Monday, November 14, 2022
U.S. Department of Education Issues New Regulations on Changes of Ownership, 90/10 and Prison Education Programs
On October 28, 2022, the U.S. Department of Education (“ED”) announced new Final Regulations (“Regulations”) in the Federal Register making changes to the rules regarding changes of ownership and conversions to nonprofit status, the 90/10 Rule, and Prison Education Programs. ED also issued a press release and a fact sheet describing the new rules and highlighting the key provisions and changes. These Regulations are effective as of July 1, 2023.
The new Regulations are the result of expansive negotiated rulemaking exercises undertaken by the Biden Administration to address these and a host of other topics. Additional regulations and rules changes, including on the subject of borrower defense to repayment, have been issued and will be addressed in a separate Client Alert, and still other regulations are expected to be announced in the first part of 2023.
All references herein to a specific regulatory section are to the new and revised Regulations in Title 34 of the Code of Federal Regulations unless otherwise specified.
Changes of Ownership and Conversions to Nonprofit Status
ED reported that the Regulations regarding changes of ownership are intended to “address the increased complexity of changes in ownership and help mitigate increased risk to students and taxpayers.” It also noted that the nonprofit conversions provisions in part are in response to a 2020 report by the U.S. Government Accountability Office finding that a significant number of such conversions resulted in “impermissible benefits” to “insiders” who had been part of the pre-conversion ownership.
The Regulations make several changes to the definition of a change of ownership that results in a change of control.

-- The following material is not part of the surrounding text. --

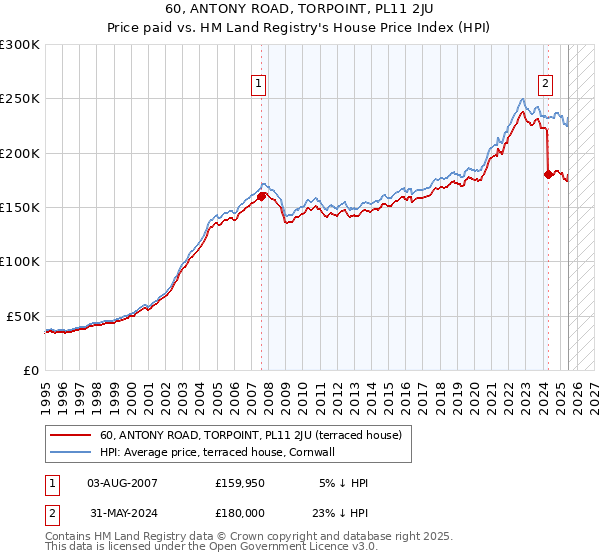 60, ANTONY ROAD, TORPOINT, PL11 2JU: Price paid vs HM Land Registry's House Price Index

Section 600.31(c)(3)(ii) generally increases the threshold for such changes to the acquisition or loss of 50% or more of the voting interests of the ownership entity, up from the current 25% threshold, and describes other governance revisions that would constitute changes of ownership resulting in changes of control. Sections 600.31(c)(3)(iii) and (iv) provide additional clarification and explanation regarding the new provisions.

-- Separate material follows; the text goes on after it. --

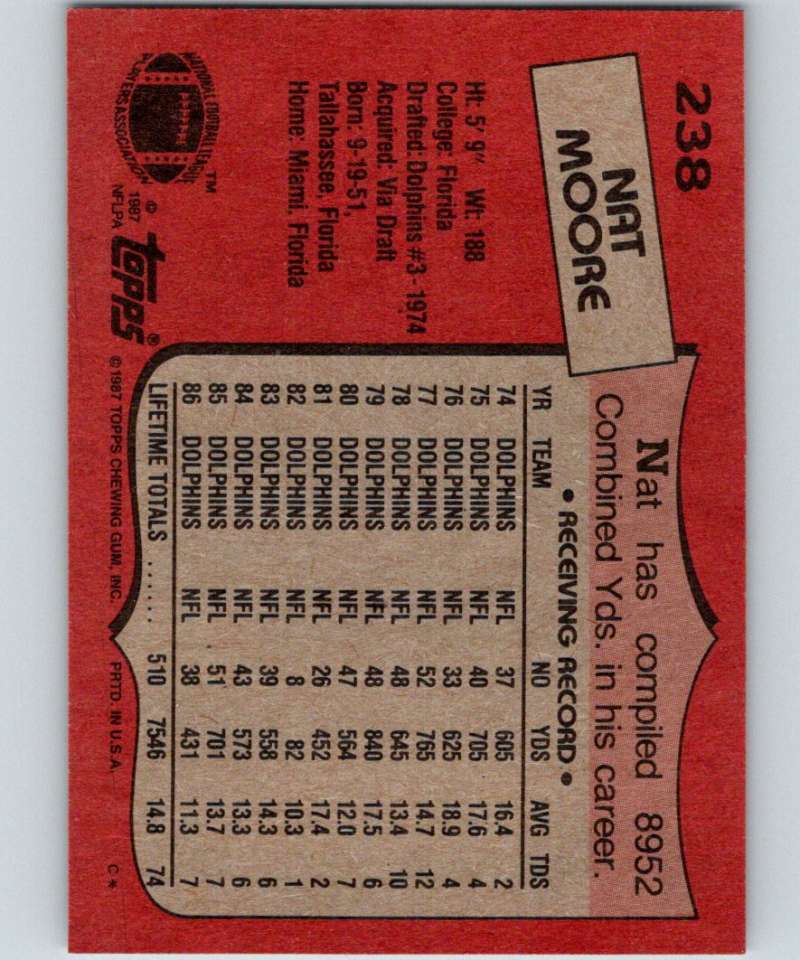 1987 Topps #238 Nat Moore Dolphins NFL Football Image 2
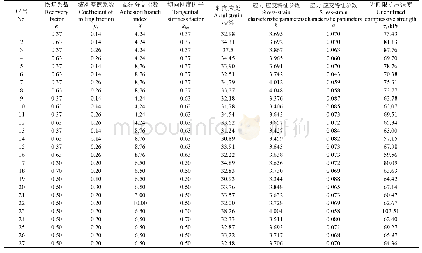 表7 e,μr,X和ktm的二次正交旋转组合试验方案及结果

At the same time, ED lowered the threshold for reportable changes in ownership percentages from 25% to 5%, and it introduced a new timeline for reporting these changes. Under Section 600.21(a)(6)(i), institutions will now be required to report any acquisition of at least 5% but less than 25% of the entity ownership interests that does not otherwise result in a change of control under Section 600.31 on a quarterly basis. If, however, the institution is planning for a change of ownership, all such incremental changes not yet reported must be reported before the institution files the new 90-day notice described below. In addition, any acquisition of ownership interests in excess of 25%, as detailed in Section 600.21(a)(6)(ii), which ED retains the discretion to deem a change of control, still must be reported within 10 days.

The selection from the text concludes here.